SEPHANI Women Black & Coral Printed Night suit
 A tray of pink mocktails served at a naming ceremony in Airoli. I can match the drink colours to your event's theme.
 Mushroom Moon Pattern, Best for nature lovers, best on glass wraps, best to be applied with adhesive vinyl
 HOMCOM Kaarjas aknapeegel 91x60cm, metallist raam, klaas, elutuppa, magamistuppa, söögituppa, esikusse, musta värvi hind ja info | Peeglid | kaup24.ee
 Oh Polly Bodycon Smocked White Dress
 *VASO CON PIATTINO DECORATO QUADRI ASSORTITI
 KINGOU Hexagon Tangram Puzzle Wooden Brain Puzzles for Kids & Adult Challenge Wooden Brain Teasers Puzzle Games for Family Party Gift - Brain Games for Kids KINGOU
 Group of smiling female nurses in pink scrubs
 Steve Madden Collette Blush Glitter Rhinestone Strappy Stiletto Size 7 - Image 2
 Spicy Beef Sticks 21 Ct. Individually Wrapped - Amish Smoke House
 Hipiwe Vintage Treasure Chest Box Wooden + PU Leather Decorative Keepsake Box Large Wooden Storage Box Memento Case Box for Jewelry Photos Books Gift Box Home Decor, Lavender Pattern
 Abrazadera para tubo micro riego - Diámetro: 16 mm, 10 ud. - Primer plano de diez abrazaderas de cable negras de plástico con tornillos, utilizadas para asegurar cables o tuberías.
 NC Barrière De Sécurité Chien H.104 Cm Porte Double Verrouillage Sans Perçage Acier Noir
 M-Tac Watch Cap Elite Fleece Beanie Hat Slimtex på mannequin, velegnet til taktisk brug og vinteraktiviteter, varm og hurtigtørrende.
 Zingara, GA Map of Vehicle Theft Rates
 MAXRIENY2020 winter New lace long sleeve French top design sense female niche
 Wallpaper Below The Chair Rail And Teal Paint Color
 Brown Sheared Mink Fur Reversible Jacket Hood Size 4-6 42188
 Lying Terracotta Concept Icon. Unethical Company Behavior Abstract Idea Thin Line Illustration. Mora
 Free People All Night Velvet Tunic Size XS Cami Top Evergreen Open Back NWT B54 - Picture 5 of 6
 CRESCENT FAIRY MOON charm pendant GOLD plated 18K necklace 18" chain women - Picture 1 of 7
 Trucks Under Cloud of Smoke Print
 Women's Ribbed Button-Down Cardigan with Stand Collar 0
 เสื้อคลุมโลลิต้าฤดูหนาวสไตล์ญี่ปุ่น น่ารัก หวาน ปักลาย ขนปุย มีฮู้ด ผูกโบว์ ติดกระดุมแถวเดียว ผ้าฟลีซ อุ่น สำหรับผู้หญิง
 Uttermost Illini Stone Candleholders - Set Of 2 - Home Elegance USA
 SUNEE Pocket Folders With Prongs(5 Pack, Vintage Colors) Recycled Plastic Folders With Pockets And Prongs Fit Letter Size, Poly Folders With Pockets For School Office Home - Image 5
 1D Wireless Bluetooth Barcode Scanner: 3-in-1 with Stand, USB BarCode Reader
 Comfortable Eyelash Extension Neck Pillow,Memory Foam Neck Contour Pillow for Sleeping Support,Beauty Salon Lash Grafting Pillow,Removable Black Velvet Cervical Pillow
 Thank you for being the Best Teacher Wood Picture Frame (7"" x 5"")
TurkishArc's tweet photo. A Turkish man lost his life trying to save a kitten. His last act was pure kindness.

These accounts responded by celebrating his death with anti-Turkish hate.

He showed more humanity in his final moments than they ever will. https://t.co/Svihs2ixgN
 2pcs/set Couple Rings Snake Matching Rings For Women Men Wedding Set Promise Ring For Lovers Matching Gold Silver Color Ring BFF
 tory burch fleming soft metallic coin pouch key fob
-=-=-
--- How to complete this task ---
Given the records above, reproduce precisely and only the lines between the line holding "KINGOU Hexagon Tangram" and the line holding "Steve Madden Collette", inclusive.

--- Exercise output ---
 KINGOU Hexagon Tangram Puzzle Wooden Brain Puzzles for Kids & Adult Challenge Wooden Brain Teasers Puzzle Games for Family Party Gift - Brain Games for Kids KINGOU
 Group of smiling female nurses in pink scrubs
 Steve Madden Collette Blush Glitter Rhinestone Strappy Stiletto Size 7 - Image 2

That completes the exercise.